Your contact list is also a link building tool. Building your contact list and making sure that many people on it are well-connected online can make your link building campaign far more successful.
In addition to these kinds of tools, you'll need some software. Use caution before purchasing any kind of link building tool online—make sure that you're getting the best deal for the functionality offered. Some link building tools simply aren't worth it. In some cases, there may be a way to obtain a free version of the same link building tool that you just paid for it, without sacrificing quality. Try using search terms relating to the aspect of your link building campaign that you're working on, then find a tool that works for your purposes.
What to Avoid in Your Link Building Campaign
Not every link building tool works in a way that will actually lead to improved search engine performance. In fact, if you mismanage your link building campaign by using unethical techniques or having your links show up on thousands of unrelated websites, you could actually see your search rank decrease.
Why? Because when a link building tool works by putting your link on so many unrelated websites, Google takes notice. Because of some recent algorithm updates, called Penguin and Panda, if your links appear to be the result of paid linking or article marketing programs, you may find these inbound links now impact your quality score negatively. Because of this change, Google has seen requests for removal of over ten million links that were now hurting SERPs.
Now, some companies that want to sell a link building tool that uses these methods may claim that Panda and Penguin aren't completely effective. This is true—websites that use bad linking methods do still appear in some searches. But what will you do when the Google engineers get better?
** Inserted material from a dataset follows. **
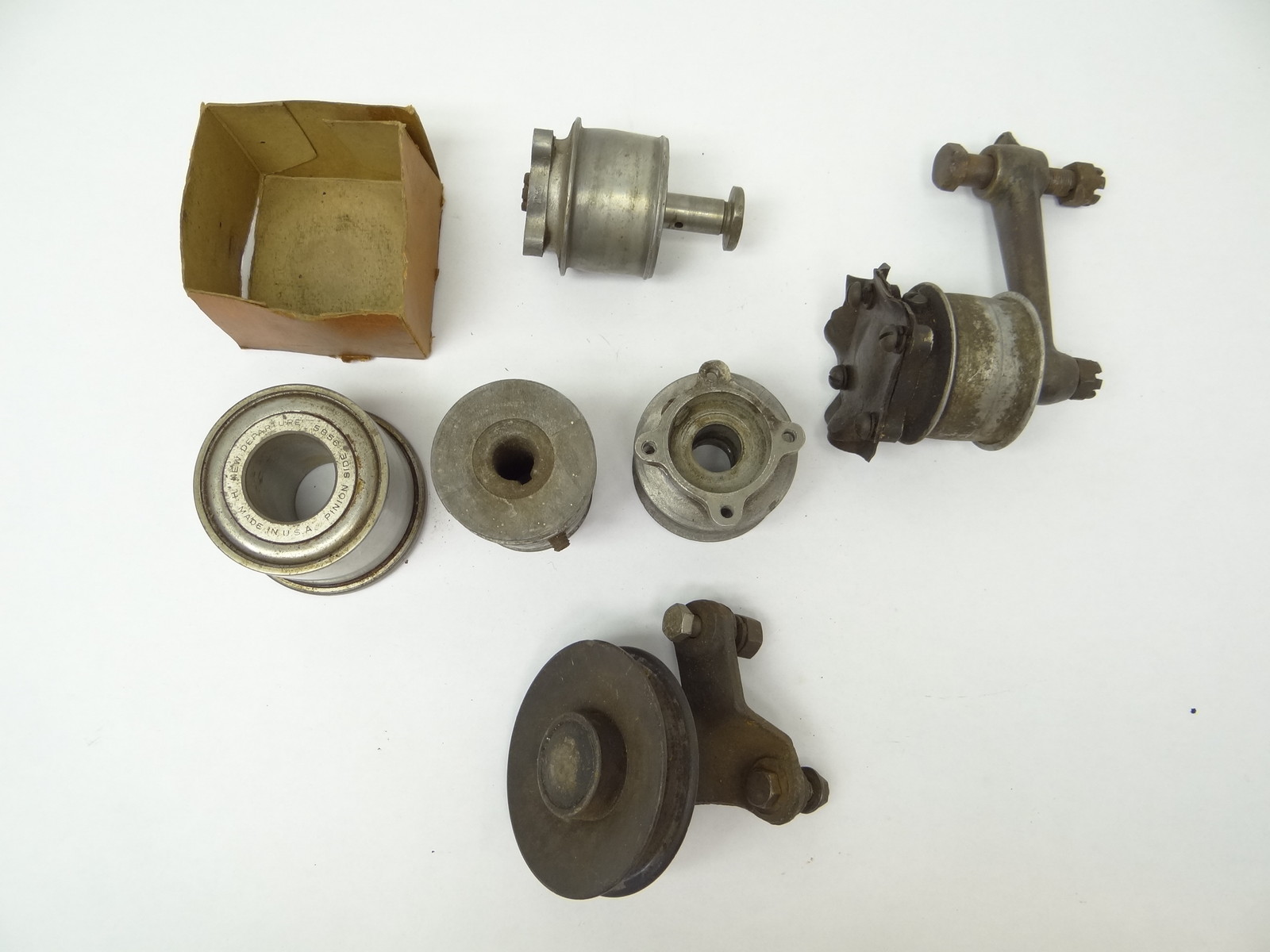 Vintage Used Metal New Departure 5856 Unbranded Pinion Engine Pulleys Car Parts Vintage Used Metal New Departure 5856 Unbranded Pinion Engine Pulleys Car Parts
Undoubtedly, Panda and Penguin aren't the only updates we'll see to change these types of results. It's very likely that if Google engineers don't want people using those services, they'll rapidly move to make it harder and harder to use them effectively.
The truth is, paid linking and article spinning were always cheating—and everyone who did it knew. As a legal professional, you don't want to look like a cheater, so avoiding any link building tool that works in these ways is a good idea. Do you really want to risk your existing SERPs for the sake of a potentially unethical link building campaign?
What Does a Great Link Building Campaign Look Like?
If bad link building usually involves irrelevant and low-quality websites, you might guess that excellent link building relies on high-quality websites and highly relevant content. You'd be right. Instead of using a link building tool that promises instant results, you can use reliable methods to create a great (and more time-consuming) link building campaign.
For small law firms, some of the best ways to kickstart your campaign is to talk to people you know who already run websites. If you can pitch a guest story for a blog, or an interview for a podcast or blog, you'll grab new inbound links. Typically, these kinds of guest stories and interviews involve at least one mention of your website, and they can prove very productive for attorneys who know how to use them.
Using LinkedIn, Facebook, and Twitter
If you're looking for a resource beyond your Rolodex to help you build your link building campaign, try the folks you're connected to on social media. Your social media contact list can be the most important link building tool in your entire arsenal. You can make yourself clearly available and highly visible as someone to interview or to invite as a guest blogger, and you can promote your own blog entries in this way as well.
What makes these strategies work even better is the ease with which people can share a link they found originally on Facebook, Twitter, or LinkedIn. This part of your link building campaign is actually killing several birds with one stone—in addition to making yourself more visible on social media and building link presence, the shares can expand your reach. This means that on an hour for hour basis, spending time on your social media presence is probably one of the single best SEO strategies you can enact.
Long Term Link Building Campaign Strategies
To find out what the next big link building tool will be, you'll want to stay aware of blogs that are relevant to legal marketers and search engine optimization specialists. Many blogs will actually discuss the results of a link building campaign, including what went wrong, so that you can learn from professionals.
You'll also want to look at optimizing your site for mobile viewers. As more traffic goes mobile (it's already a quarter of web traffic today) you'll increase your conversion rate by making sure your website looks great to people accessing it from smartphones and tablet PCs. These surfers are more likely than anyone else on the web to convert right away, as long as you're optimizing their viewing experience.